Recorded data
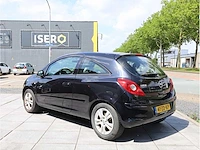 Opel corsa 1.4-16v enjoy 2008, 41-zd-kp - afbeelding 23 van  29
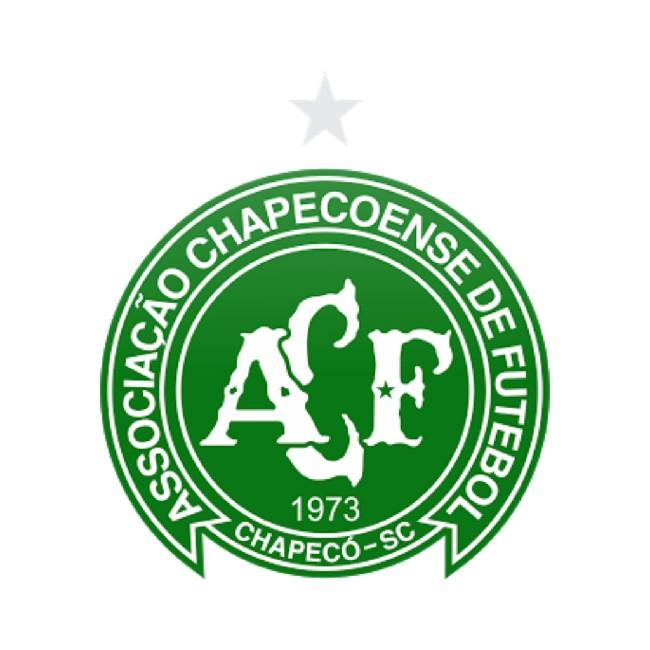 Chapecoense - Dj Kleberson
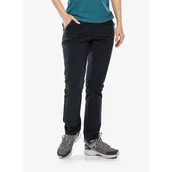 Odzież trekkingowa damska - Spodnie turystyczne damskie Columbia Summit Valley Pant II - miniaturka - grafika 1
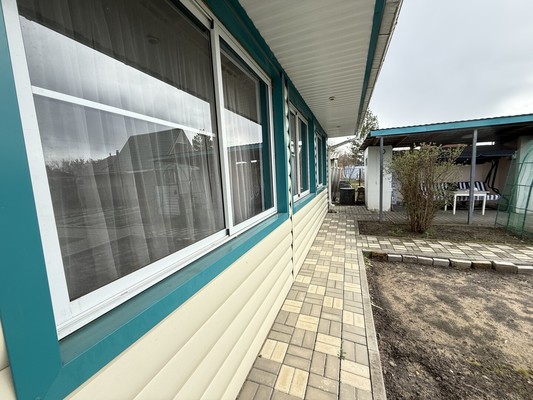 Продам дачу, 15 линия, ТСН Озон тер., 0 км от города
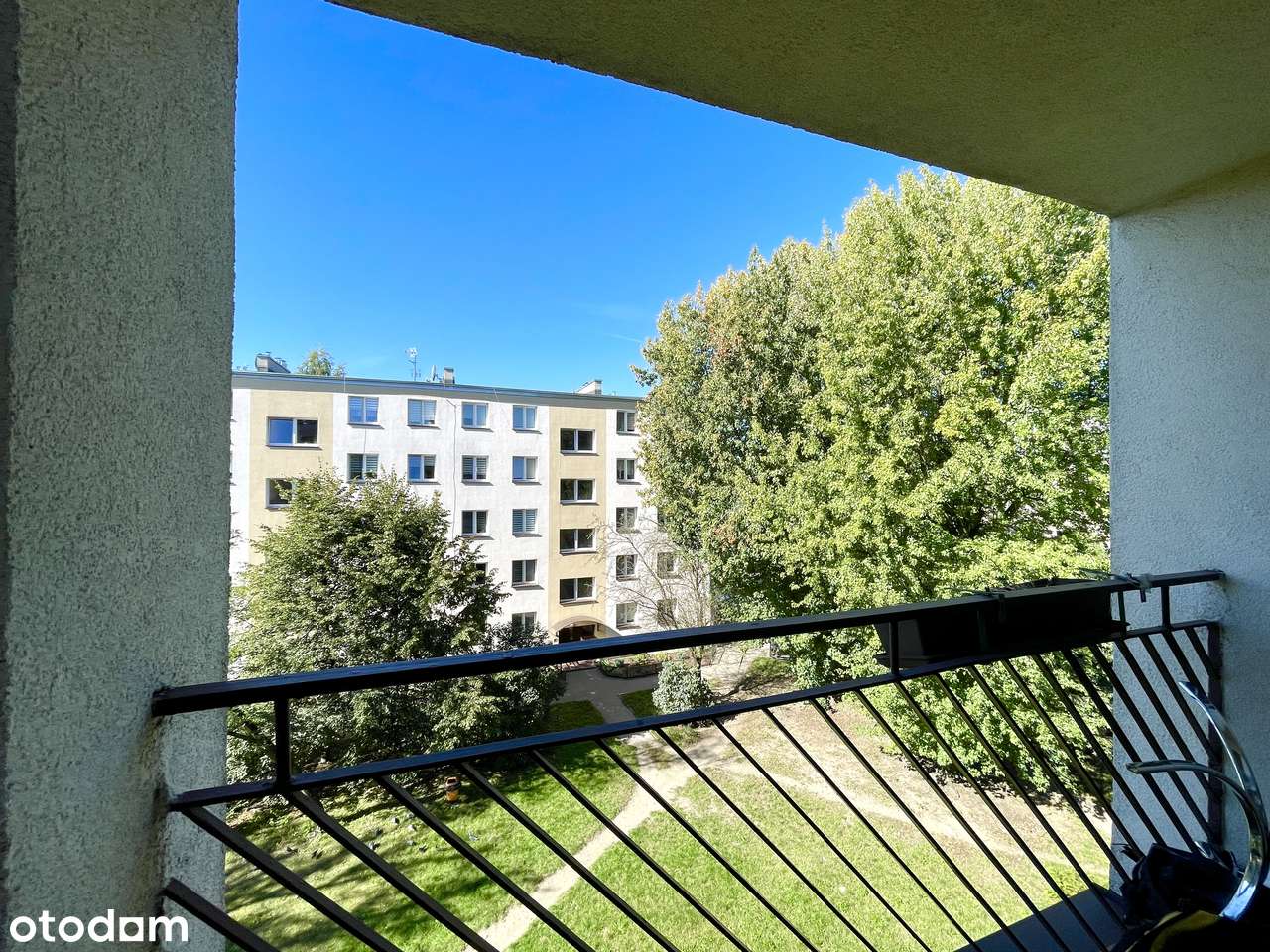 3-pokojowe mieszkanie w okolicy Manufaktury-7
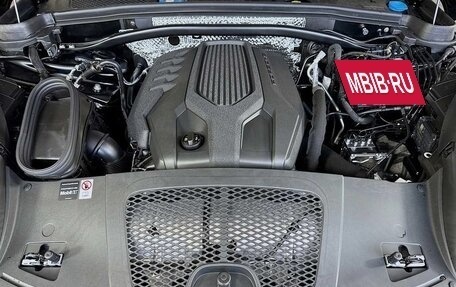 Porsche Macan I рестайлинг, 2025 год, 13 990 000 рублей, 23 фотография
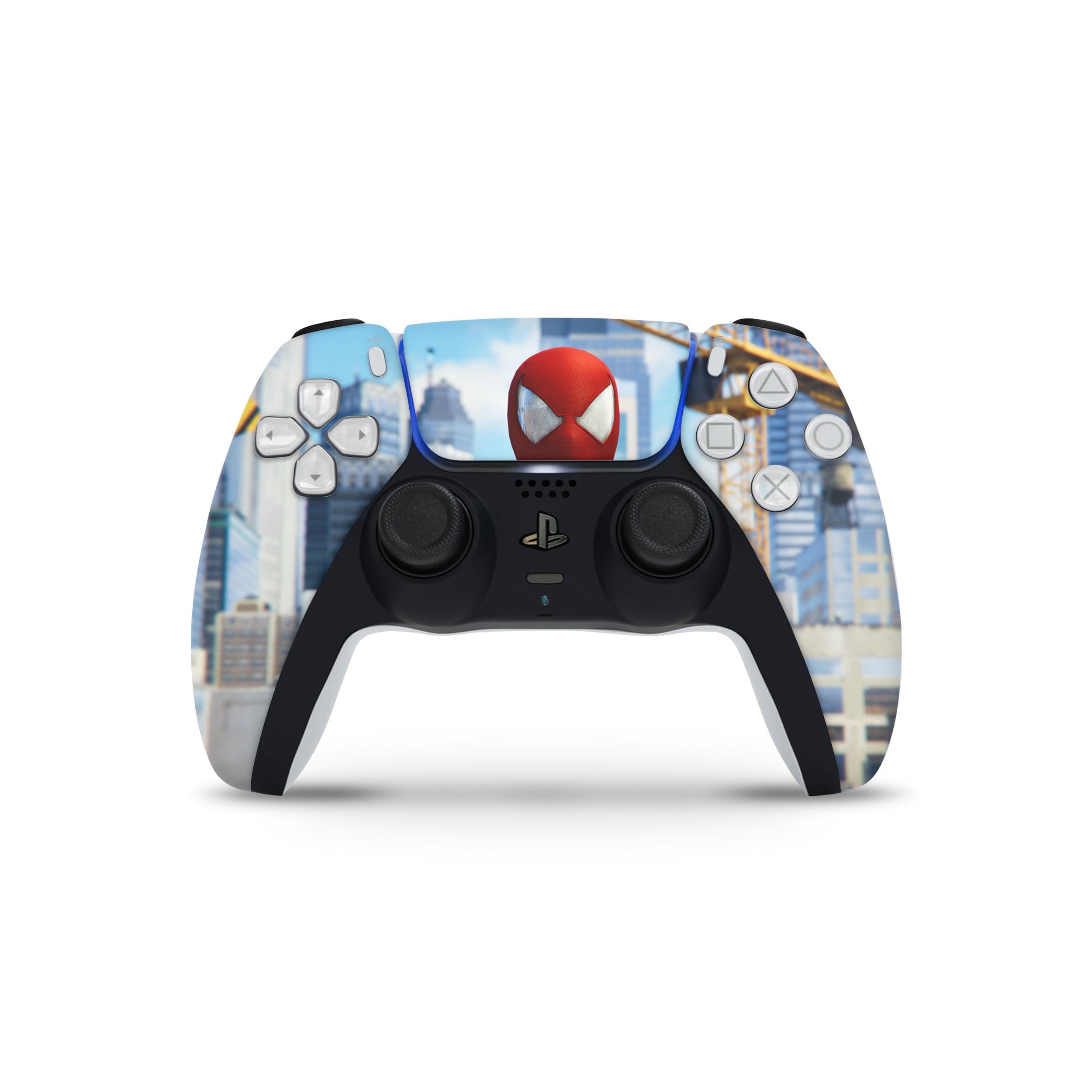 Wall-Crawler PS5 Controller Skin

■ TASK BRIEF:
The required answer is every line from the one containing "Продам дачу, 15" through the last line of the entries, restated word for word and with no pictures.

■ OUTPUT BELOW:
 Продам дачу, 15 линия, ТСН Озон тер., 0 км от города
 3-pokojowe mieszkanie w okolicy Manufaktury-7
 Porsche Macan I рестайлинг, 2025 год, 13 990 000 рублей, 23 фотография
 Wall-Crawler PS5 Controller Skin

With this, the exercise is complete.